A Hard Rain is Gonna Fall . . .

 A few months ago, I was talking to Mom.  The conversation ambled around, as most of our conversations do given how similar I am to the tree I fell from, when out of the blue Mom said, darkly, “Well, some people don’t turn off the water when they brush their teeth.  They just leave it running.  It’s wasting water.”

Now this is a potentially big minefield for a myriad of reasons, so I said, “Well, Mom, not everyone lived in San Antonio during bad drought years.  Some people don’t understand drought on that kind of level.”

You see, from 1949 to roughly 1956, the eastern part of the Edwards Plateau (a region in Texas where my mother grew up) had a drought about as bad as the one in the Great Plains during the 1930s.

I got to thinking about this conversation when we were in Chapel Hill, N.C. a few weeks ago.  Marilyn, one of The Dude’s relatives, said to me, “You’ve been getting all the rain this year.  We need it here.  Everything is drying up and dying.”

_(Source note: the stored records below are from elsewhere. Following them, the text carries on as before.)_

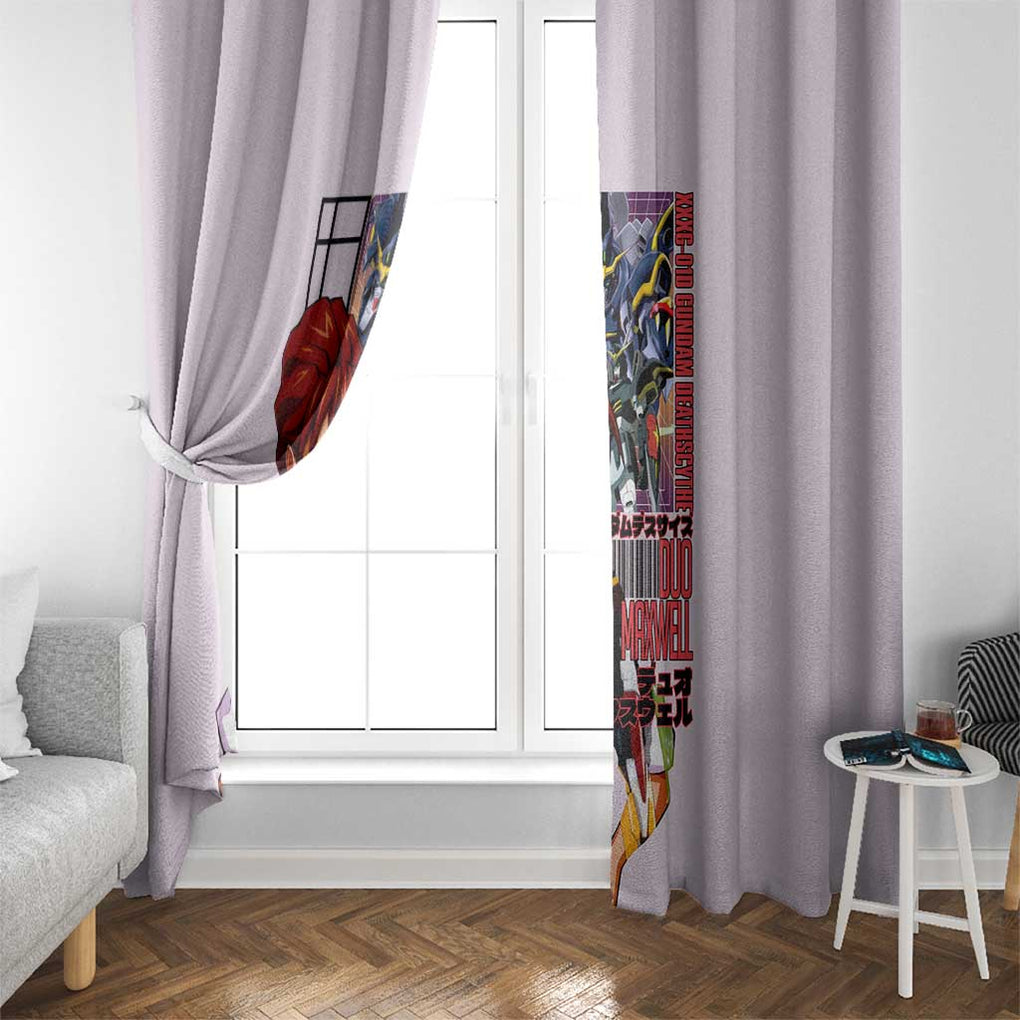 Deathscythe x Duo Maxwell Gundam Wing Endless Waltz Window Curtain Anime Style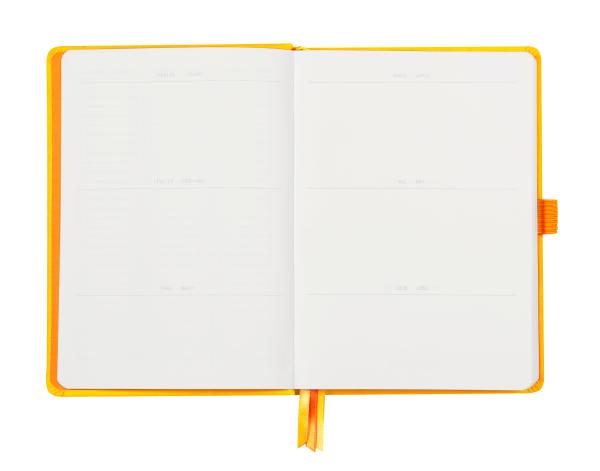 RHODIA Goalbook Notizbuch A5 118585C Hardcover gelb 240 S.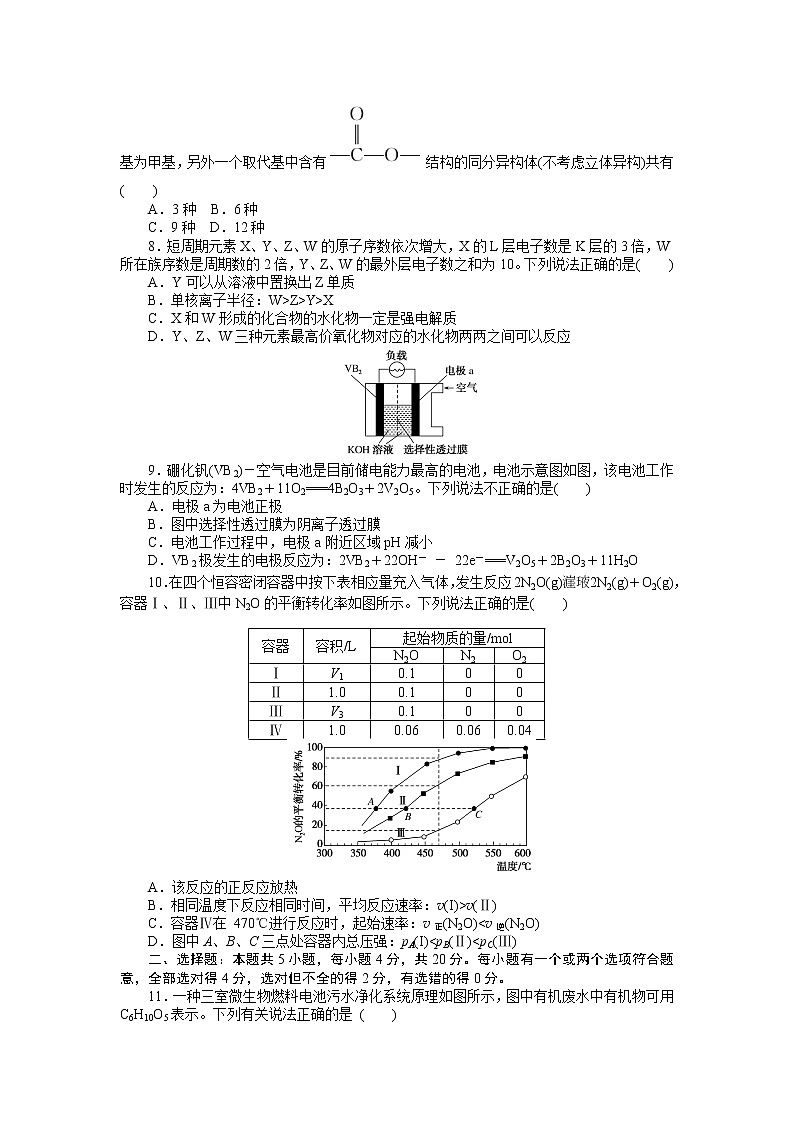 2023届新高考专用化学二轮复习热考题型--考前冲刺练考前冲刺练(一)02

I could understand her frustration.  Here in Central Texas, we struggle with drought.  A lot.  Austin seems especially prone to it.  I’ve seen months when every county around ours is getting rain and we’re the big dry spot in the middle. 

What I didn’t tell Marilyn is that she and everyone else in the Southeast better gird their loins and get used to drought.  Odds are they’re going to be seeing a lot more of it.

Atlanta, shockingly enough, is almost out of water — as in down to about a 90-day supply.  And now the governor is a battle with the Army Corps of Engineers over whether there’s a water  emergency at all. 

We’re so used to drought here in Austin that they print up the lawn-water rotation days and include them with electric statements.  And residents of California are plenty familiar with water shortages.  Those of us in traditional drought-prone states are the lucky ones.  We already know – on a baby level – what it is to deal with a lack of water.

Water scarcity is going to be the next big oil crisis.  (Along with, you know, the next big oil crisis.)

Not only have we over-taxed regional supplies, but we’ve settled in areas with no natural water sources, requiring importing water from other areas.  Los Angeles is a perfect example.  It’s in the desert.  (Sorry, a “semi-arid” area.)  And L.A. even had water wars during the turn of the last century to provide enough water for the growing city.

Drought is a scourge on mankind, but it’s one that we know happens.  The problem is, with global warming, droughts are becoming worse, lasting longer, and happening in areas where drought normally doesn’t occur.  No one is surprised by the wildfires in California.  However, the size and intensity of the fires is unusual, if not downright bizarre.  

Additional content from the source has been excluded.